极端工况静压支承润滑状态的微间隙油膜形貌表征

极端工况条件下静压支承运行过程中的极易发生摩擦学失效且润滑状态极难获得，为解决此技术难题，设计一种新型油垫可倾式静压支承结构，形成静动压混合推力轴承，提出利用微间隙油膜形貌来表征静压支承润滑状态的想法。针对新型双矩形腔油垫可倾式静压支承，建立温升和功耗、热固耦合变形、流固耦合变形及油膜形状等数学模型。分析极端工况下微间隙油膜温度场和油膜压力场分布特征，求得摩擦副热力耦合变形，获取三维油膜形貌，判断静压支承润滑状态。搭建油膜厚度测量装置，获得油膜厚度状态，验证理论分析和数值模拟所获得的油膜形貌的正确性。结果表明：极端工况下该结构润滑效果大大改善，轻载高速时热变形起主导作用，油膜厚度差异较大。低速重载时力变形占主导地位，油膜较平滑。油腔外侧封油边交角处变形最大，此处油膜最薄，易发生摩擦学失效。

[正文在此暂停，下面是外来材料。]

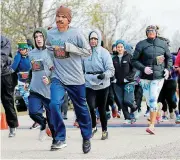  ?? [PHOTO BY NATE BILLINGS, THE OKLAHOMAN] ?? Runners start the YWCA’s Fearless K at Stars and Stripes Park in Oklahoma City.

Morphology Characterization of Micro-clearance Oil Film of Hydrostatic Bearing Under Extreme Conditions

During the operation process, the hydrostatic support is prone to tribological failure and the lubrication state is difficult to obtain under extreme conditions. In order to solve this technical problem, the new inclined oil pad of hydrostatic support structure was designed to form a static and dynamic pressure hybrid thrust bearing. There is a idea that use the micro-gap oil film morphology to characterize the lubrication state of the hydrostatic support. The equations such as temperature rise, power consumption, thermal-solid coupling deformation, fluid-solid coupling deformation and oil film shape are derived for the new double rectangular cavity hydrostatic bearing with tilting oil pad. In the first, the distribution characteristics of the oil film temperature and oil film pressure fields under extreme operating conditions are analyzed. In the second, the thermal-mechanical coupling deformation of the friction pairs and the three-dimensional oil film shape is obtained to judge the lubrication status of hydrostatic support. In the end, set up an oil film thickness measuring device to obtain the oil film thickness state and verify the correctness of the oil film morphology that obtained by theoretical analysis and numerical simulation. The results show that the lubricating performance of the structure is improved significantly under extreme working conditions. In the light load and high speed situation, the thermal deformation plays a leading role and the oil film thickness is uneven. Correspondingly, and the oil film is smoother when the force deformation dominates at low speed and heavy load situation. The greatest deformation appeared at the corners of the sealing oil edges on the outside of the oil cavity, where the oil film is the thinnest, which is prone to tribological failure.